Ministers are expected to announce increases in inheritance tax and capital gains tax (CGT) in the budget next week.

Ahead of the anticipated tax rises, the government has come under pressure to clarify its manifesto promise to “not increase taxes on working people”.

Asked whether someone who works but also has an income from assets, such as shares and property, was a working person, Starmer told Sky News: “Well, they wouldn’t come within my definition.”

The prime minister’s spokesperson later clarified that he was referring to people who “primarily get their income from assets” and was “not precluding people that have a small amount of savings” in stocks and shares.

Pressed on whether that meant taxes for these people could go up, Starmer told Sky News: “You can probably give me any number of examples … you’re asking me for a definition of who’s a working person, and then you’re making assumptions about what that tax might be in relation to.”

The debate over the definition of working people has intensified after ministers refused to rule out raising national insurance on employers in the budget.

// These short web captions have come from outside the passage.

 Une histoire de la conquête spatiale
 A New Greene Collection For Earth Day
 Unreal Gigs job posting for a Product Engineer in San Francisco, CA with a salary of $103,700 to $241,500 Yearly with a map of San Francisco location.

Starmer was asked to set out his definition of working people by reporters travelling with him for the Commonwealth summit in Samoa: “I have in mind people who go out to earn their living, may have some savings, but don’t have the ability to sort of routinely write a big cheque if they get into difficulties.

“They’re the people uppermost in my mind when we’re making our decisions,” he added.

Starmer and Rachel Reeves, the chancellor, have both warned that they will need to make “tough decisions” in the budget.

Starmer has indicated that CGT on the sale of shares and other assets, currently set at up to 20%, will increase. The tax is expected to rise by several percentage points.

However, ministers are expected to leave CGT on the sale of property untouched because of concerns that increasing it would cost money by slowing down sales. The Conservatives cut the top rate of CGT for property from 28% to 24% in the last budget.

Reeves is also looking at tightening the rules for inheritance and gift tax. Only about one in 20 UK estates now attract inheritance tax.

On Friday, James Murray, a Treasury minister, refused to be drawn on whether a landlord would be considered a “working person” for the purposes of Labour’s manifesto pledge not to increase tax on “working people”.

“Working people are people who go out to work for their income,” he told BBC Radio 4’s Today programme. “We were very clear in our manifesto.”

Asked repeatedly if a landlord was a working person, after Starmer said a person whose income derived from assets, such as shares or property would not “come within my definition” of a working person, Murray said: “We’re talking about where people get their income.”

Murray insisted any changes to fiscal rules would be in line with what the Labour party said in its manifesto.